I was surprised to find this morning that a case we reported on the blog yesterday has caught the attention of the national press.
AB v CD was, on the face of it, a relatively uncomplicated divorce hearing. The couple had been married for nine years and together for 13. They started a business together and adopted a child. They spent time renovating a property given to them by the husband’s parents.
Granted there was there were some unusual aspects to the case – the husband’s wealthy farming family for example, or the fact that the couple separated in the middle of the adoption process, with the result that the husband ended up adopting the child alone.
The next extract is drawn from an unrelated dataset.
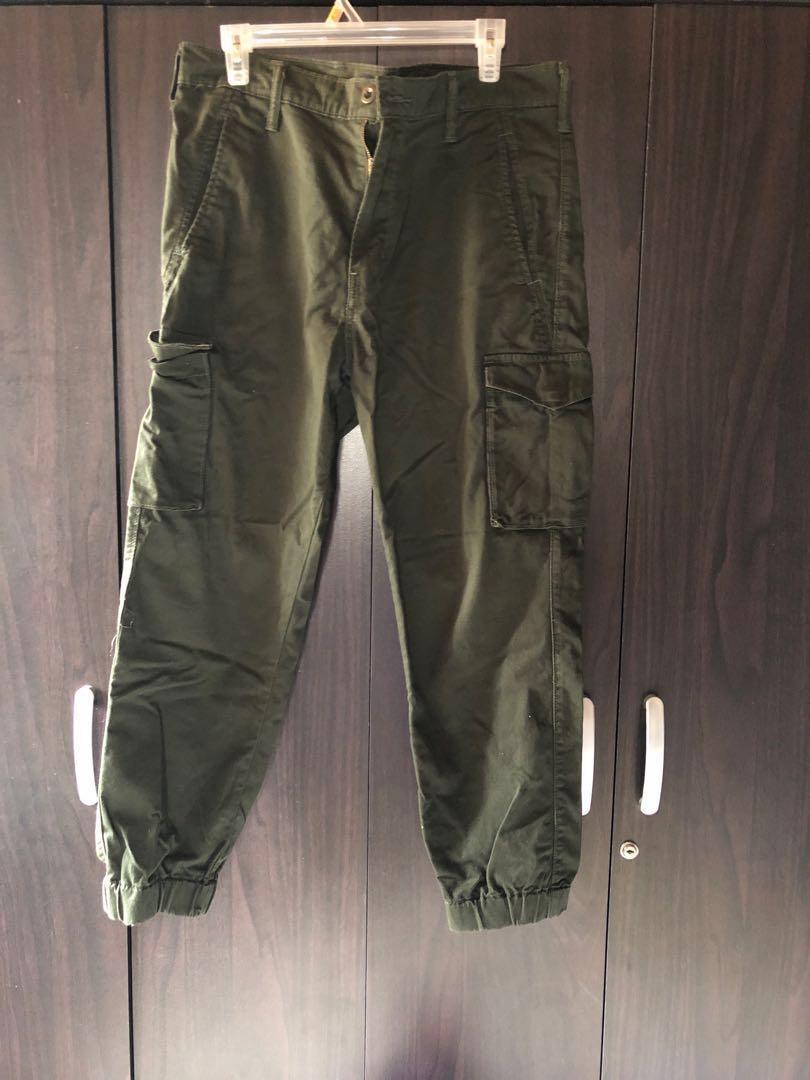 Levi's banded cargo jogger pants(s:34), Women's Fashion, Bottoms, Other  Bottoms on Carousell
But that’s not what caught the media’s attention. Instead, the Telegraph zeroed in on comments made by the judge, Mr Justice Mostyn, while calculating the wife’s financial settlement. It had emerged that she had begun a new relationship since she and her husband had gone their separate ways – a relationship which only came to light during investigations by the husband’s legal team.
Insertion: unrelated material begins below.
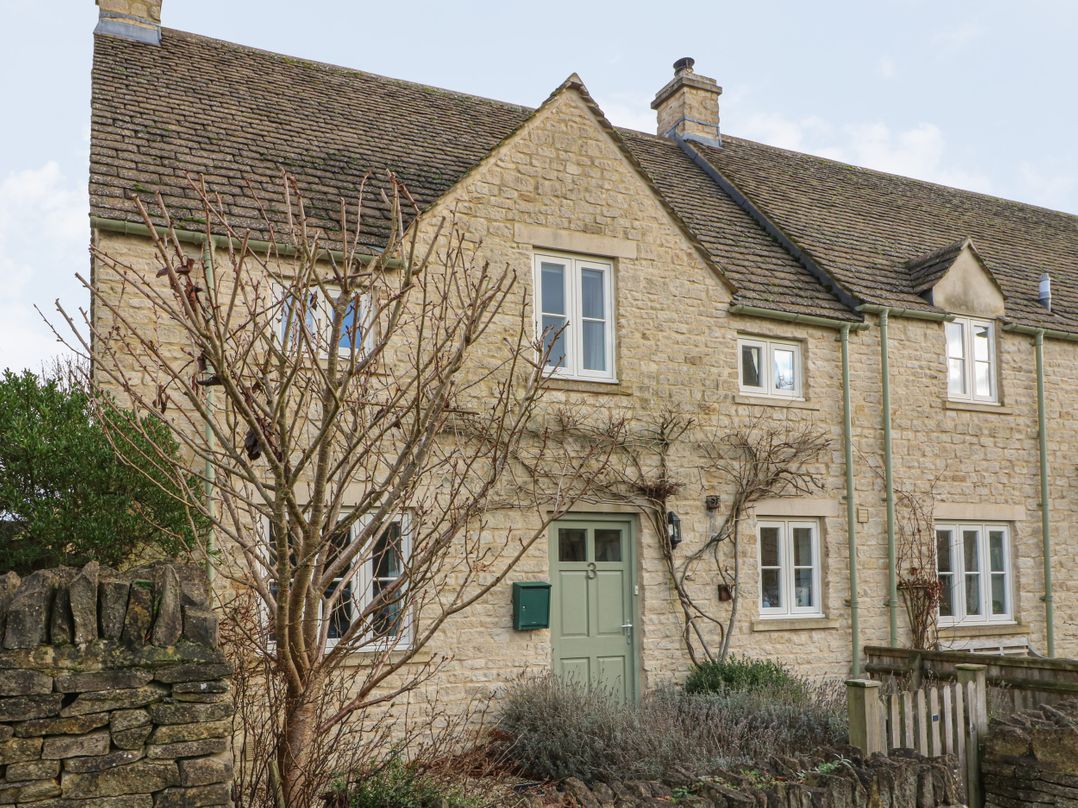 Holiday cottages in the Quenington area of the Cotswolds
Unsurprisingly, the judge took this relationship into consideration in his ruling. But did he really, as the Telegraph proclaims, tell women to avoid dating before divorce? No. He simply noted that such relationships have implications for settlements, phrasing this observation in a particularly judge-like way, complete with an ornate classical allusion:
“Relationships like this always are a significant fly in the ointment in the assessment of need. One cannot make assumptions, if it is not full blown cohabitation akin to marriage, that it will grow into that, because if it does not the wife may be left stranded between Scylla and Charybdis if the assumption is wrongly made.”
Mr Justice Mostyn continued:
“On the other hand, if one makes a needs assessment on the basis that she is a single woman and she soon cohabits, then the paying party in the ancillary relief proceeding can rightfully feel significantly aggrieved.”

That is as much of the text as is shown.